Это было не раз, это будет не раз
В нашей битве глухой и упорной:
Как всегда, от меня ты теперь отреклась,
Завтра, знаю, вернешься покорной.
Уже зарядили осенние дожди, и, оказавшись вновь под гостеприимной кровлей Подобина, Гумилев предложил «актерам» завершить дачный сезон настоящей театральной постановкой. Пьесу в духе commedia dell'arte он вызвался написать сам и тут же принялся сочинять сюжет. Тут был раненый рыцарь в монастырском госпитале, была влюбленная в него монахиня, были строгая игуменья и бродячие артисты – Коломбина, Пьеро, Арлекин. Импровизируя на ходу, Гумилев, увлекаясь все больше, разыгрывал на два голоса диалог Коломбины с игуменьей:
– Христос велел любить!
– Как сестры и как братья…
– По-всячески, и, верно, без изъятья!!
Все получалось шаржированным до гротеска, так что каждая «маска» могла обнаружить себя по ходу действия в полной мере. Вера Неведомская нетерпеливо полюбопытствовала: какой же будет финал у этакой буффонады? Гумилев задумался:
– Вероятно, все-таки очень печальный. Явится какой-то страшный призрак, рыцарь погибнет, а влюбленная монахиня примет яд…

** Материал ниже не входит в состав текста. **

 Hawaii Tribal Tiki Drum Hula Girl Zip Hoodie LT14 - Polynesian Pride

Представление «Любви-отравительницы» состоялось перед самыми разъездами летних обитателей бежецких поместий, и огненная Коломбина в исполнении Веры Неведомской покорила всех собравшихся в Подобино зрителей. Никто не мог и помыслить, что всего через несколько часов в Киеве, где в год 50-летия отмены крепостного права торжественно открывался памятник Царю-освободителю, темный негодяй Богров двумя выстрелами смертельно ранит премьер-министра России Петра Аркадьевича Столыпина. 6 сентября 1911 года газета «Новое время» поместила на первой странице краткое объявление:
Киев. В 10 час. 12 мин. Петр Аркадьевич тихо скончался. В истории России начинается новая глава.
Книга вторая. Поэт и воин
I
Киевская трагедия. Особняк на Малой улице. Воссоединение с Ахматовой. Тревожная осень. С. М. Городецкий. Споры об «адамизме». «Театрализация жизни». Вечер на Крюковом канале. Хлопоты Бориса Пронина. Подвал на Михайловской площади.

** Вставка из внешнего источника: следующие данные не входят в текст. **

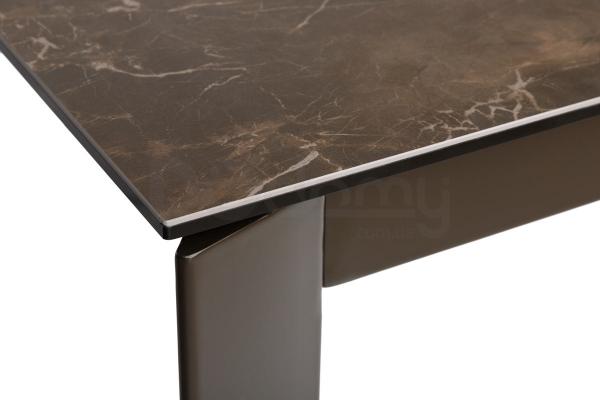 Стіл Nicolas Oslo 140 кераміка коричневий, фото 4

«На очереди главная наша задача – укрепить низы, – говорил Столыпин два года назад среди наступившего зыбкого умиротворения. – В них вся сила страны. Их более 100 миллионов! Будут здоровые и крепкие корни у государства, поверьте, и слова русского правительства совсем иначе зазвучат перед Европой и перед целым миром. Дружная, общая, основанная на взаимном доверии работа – вот девиз для нас всех, русских. Дайте государству 20 лет покоя, внутреннего и внешнего, и вы не узнаете нынешней России!»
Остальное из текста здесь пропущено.